This will give you, I think, a deeper sense of how this stuff actually works.
And the other reason that you might actually want to do the software
assignments is that you're actually interested in a job in the VLSI CAD and
electronic design automation industry where in the real world,
most people build software.
This is what you do if you're actually part of a CAD group or a cad company,
you spend a lot of time actually designing the basic software here.
So if you're interested in a job in the business, doing some of the programming
would actually be helpful and I can actually confidently tell you that
there are people who have taken this course online on the Coursera site and
gotten jobs in the electronic design automation industry.
Because I've talked to the companies in this domain and
people can actually get jobs from this material.
So mechanically, we are going to provide you realistic inputs that model each
problem and we're going to just give you that as a file.
So this will actually just be an ASCII text file.
It'll be a readable file format in simple ASCII format.
Your software needs to use that and then generate output.
Your output will also be in a simple ASCII file form that you can read.
You're going to upload your output to the Coursera website, and
we will auto-grade it with software that we've written.
And we'll also give some feedback on the quality of your solution.
So as a consequence of this, you can run the code on your own computer, so
you're not going to actually run any of the software you design
on the Coursera website.
You can also use any programming language you like.
So if you like programming in C, or you like programming in C++, or
you like programming in Java, or you like programming in Python or anything,
you can use any language you want as long as you can read an ASCII test file, and
write an ASCII text file.
And you can run it on any platform you like.
All you have to be able to do is generate the right file.
Send it up to the Coursera website and we'll grade it and you can get credit.
Some other important stuff, obviously there's an honor code for the class and
the Coursera website has a lot more information about this.
It's okay to talk with and work with other people in the class, but
what you submit has to be your own work for homework and for any code, and please
don't post any solutions to any of the assignments on the Coursera site or share
these solutions face to face, or in email, or via the web with others in the course.
It just makes it harder for
other people in the course to be able to do their own work.
Please use the Coursera interaction mechanisms.
Coursera supports discussion forums to ask questions.
We're going to make use of these to help connect you with each other and
with the course assistants and so on.
So there will always be someone that you can interact with to help you make
forward progress in the course.
What background material do you need to be able to do this course?
Well, let's say four basic areas.
You need to know some basic computer science,
you need to have some basic programming skills and understand data structures.
Even if it's not your intention to do the software part of the assignments,
the honors part, you need to understand what programming is because we're
going to be describing our algorithms using pseudocode kinds of descriptions.
And so, you need some familiarity and
comfort with what describing something as a program looks like, and
you especially need to understand what data structures are about.
So if I say that something is a stack, or I say that something is a queue, or
I say that something is a graph,
you need to be able to understand how you might build that.

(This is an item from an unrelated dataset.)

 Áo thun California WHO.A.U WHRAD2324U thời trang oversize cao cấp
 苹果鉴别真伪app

You need also some basic computer engineering skills, and that means,
primarily basic digital design.
So you know what logic gates are.
What flip flops are, what Boolean algebra is, what simple optimization methods like
Kalno maps to minimize a Boolean equation that involves combinational logic, and
you need to understand basic combinational sequential design,
so finite state machines.
This is the sort of material you would get in any introductory
digital logic design sort of class, in an undergraduate college education.
Mathematically, you need to know a little bit of discrete math.

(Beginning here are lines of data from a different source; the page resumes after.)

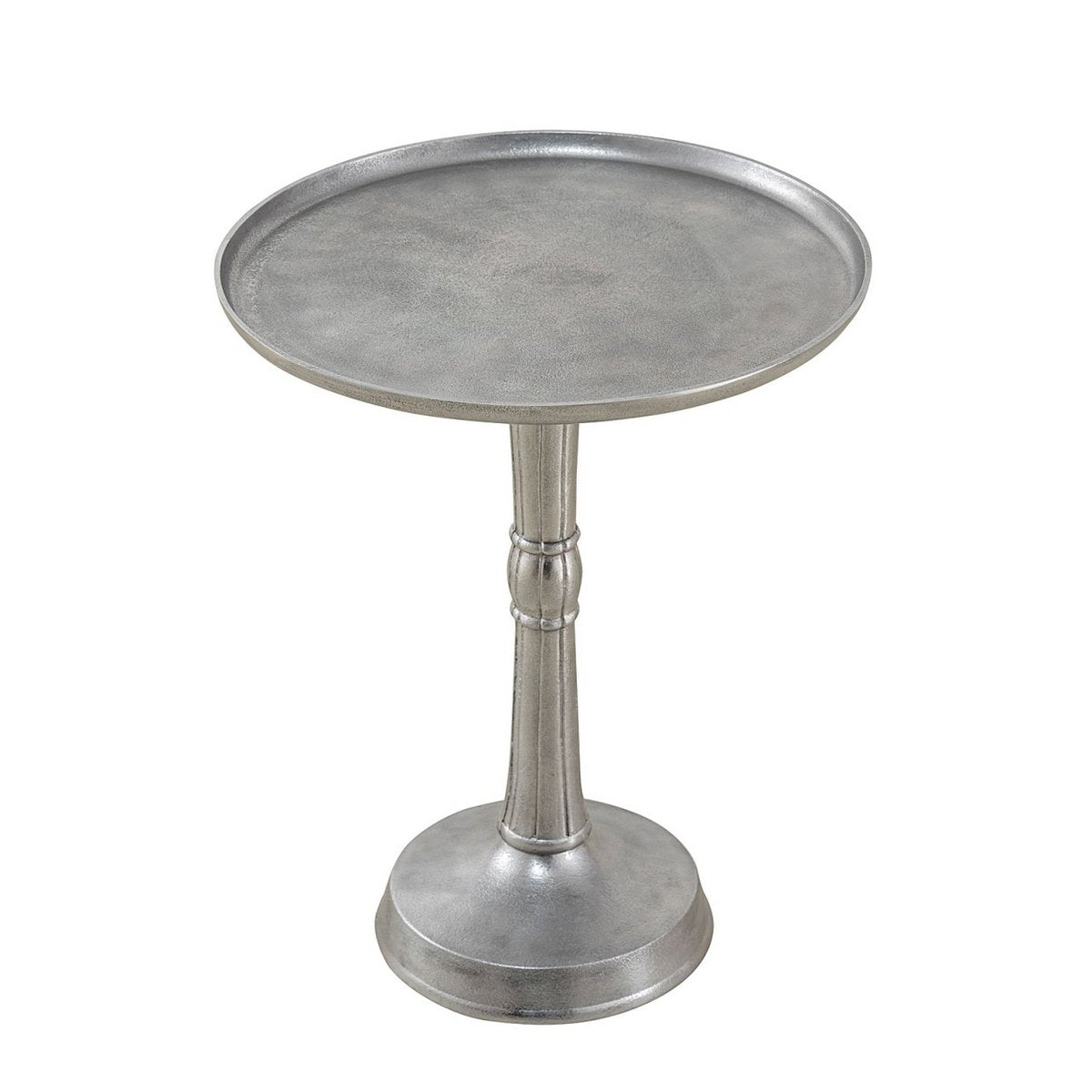 Bijzettafel metaal rond Ø 44x53 cm decotisch nobel of goud met ontwerp middenvoet aluminium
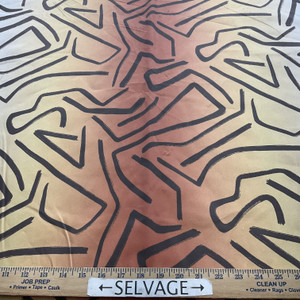 Global Geos Anthromorphic Twill Sunkist Coral | Medium Weight Twill Fabric | Home Decor Fabric | 54" Wide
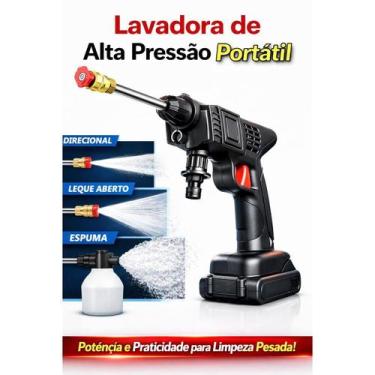 Imagem de Lavadora Portátil de Alta Pressão Recarregável com Jato Forte Ideal pa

What a set is, what a function is,
and be willing to deal with some careful notation.
A little bit of exposure to graph theory is nice but it's not really essential and
for the second part of our class, some continuous math.
Basic calculus, basic derivatives, basic integrals and even for the first part,
the logic part, what a matrix is, rows and columns of numbers.

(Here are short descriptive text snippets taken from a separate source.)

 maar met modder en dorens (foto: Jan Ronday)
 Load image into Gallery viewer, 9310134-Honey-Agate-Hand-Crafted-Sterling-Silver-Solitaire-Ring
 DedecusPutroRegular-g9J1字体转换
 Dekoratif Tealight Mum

We're going to be using those concepts in this class.
A little bit of basic VLSI is not a bad thing.
Some chip layout exposure, it's nice, but it's not essential.
We'll be teaching you what you actually need to know.
What's this course all about on a purely technical front, this is CAD for
semi custom ASICs and there's a couple of acronyms here which we should talk about.
An ASIC is an application specific integrated circuit.
This is a circuit that'S really designed to do one sort of a thing so
this is not a processor, this is a chip that's designed to be a network or
designed to recognize a finger print,
designed to compute one particular kind of a thing.
Semi-custom is the idea that we're going to try to do this complicated
chip design thing, reusing some already previously designed parts.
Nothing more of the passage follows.